*Task prompt*: At the line containing "0.3-0.7mm Glazed Tile", begin an exact copy of the lines below and continue through the final one, with no pictures.

*Brief descriptive captions*:
....

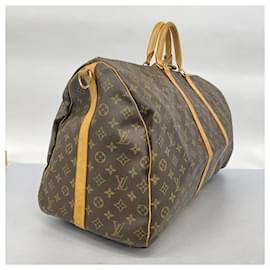 Louis Vuitton-Louis Vuitton Monogram Keepall Bandouliere 60-Brown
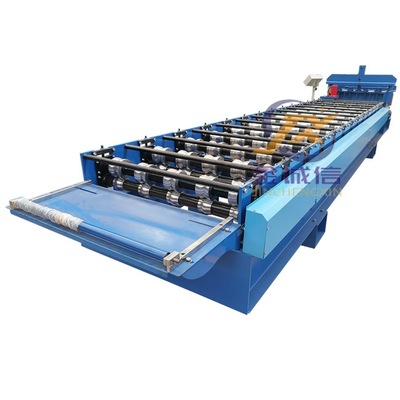 0.3-0.7mm Glazed Tile Roll Forming Machine PLC Step Tile Making Machine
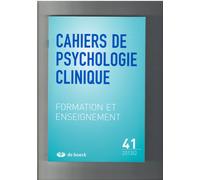 Cahiers De Psychologie Clinique N° 41/2013/2 - Formation Et Enseignement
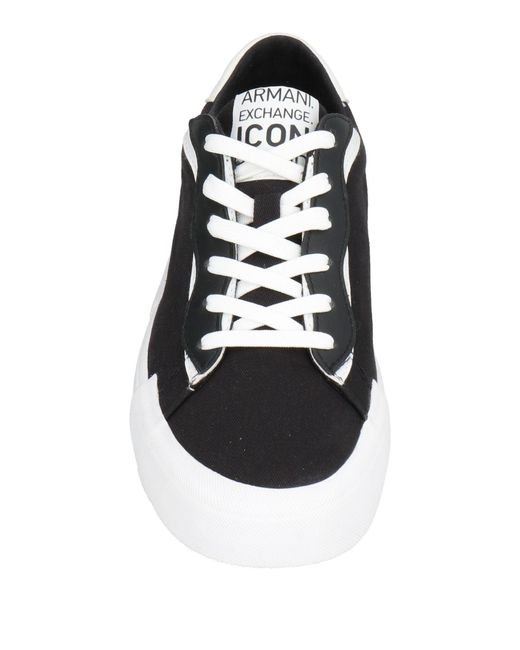 ARMANI EXCHANGE Black Trainers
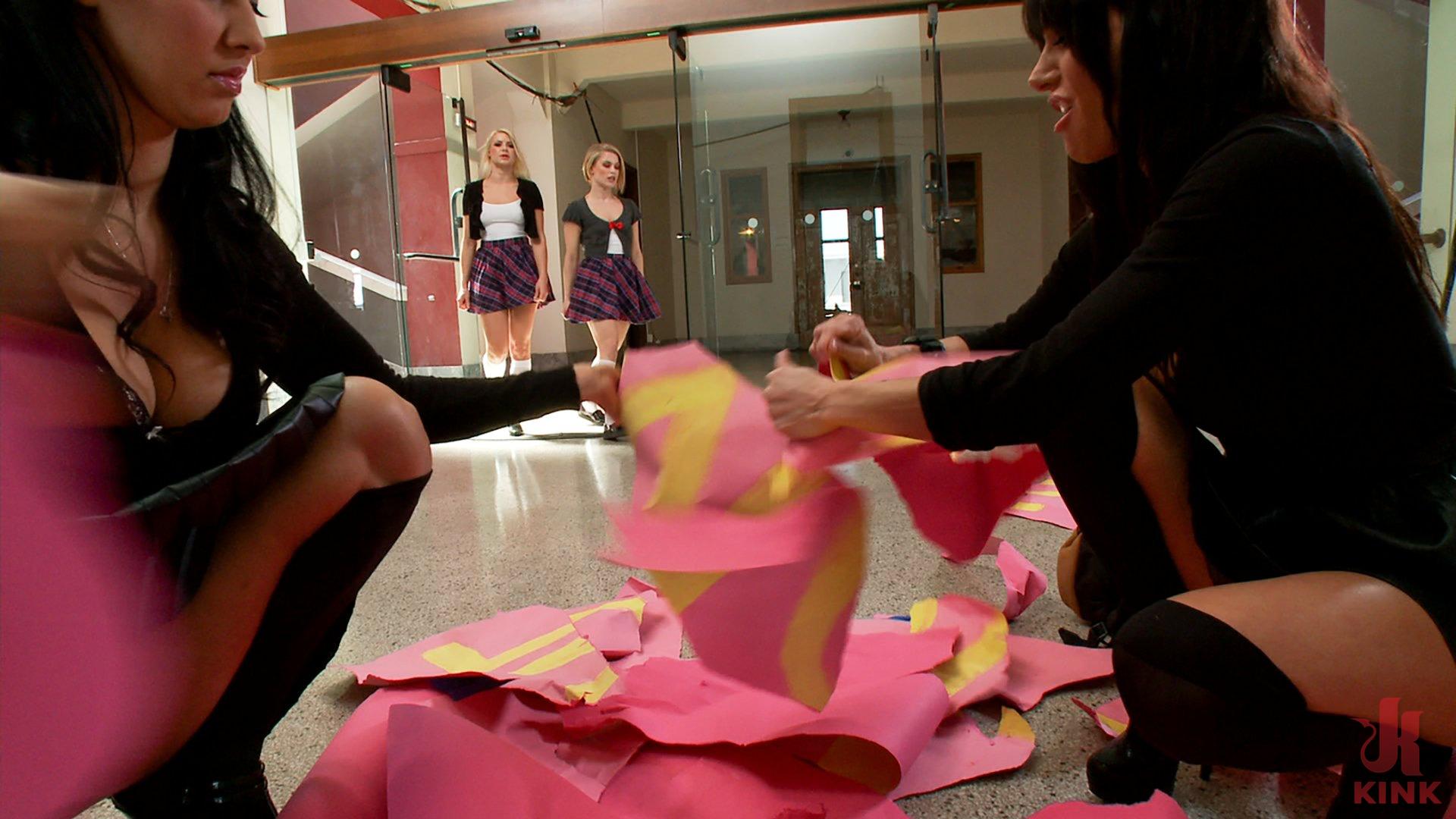 Photo number 1 from Destroying The Homecoming Queen shot for Kink Classics on Kink.com. Featuring Anikka Albrite, Ash Hollywood, Isis Love and Gia DiMarco in hardcore BDSM & Fetish porn.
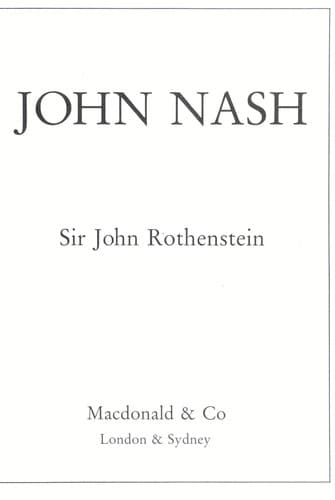 Tapa de John Nash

....

*Answer to this task*:
 0.3-0.7mm Glazed Tile Roll Forming Machine PLC Step Tile Making Machine
 Cahiers De Psychologie Clinique N° 41/2013/2 - Formation Et Enseignement
 ARMANI EXCHANGE Black Trainers
 Photo number 1 from Destroying The Homecoming Queen shot for Kink Classics on Kink.com. Featuring Anikka Albrite, Ash Hollywood, Isis Love and Gia DiMarco in hardcore BDSM & Fetish porn.
 Tapa de John Nash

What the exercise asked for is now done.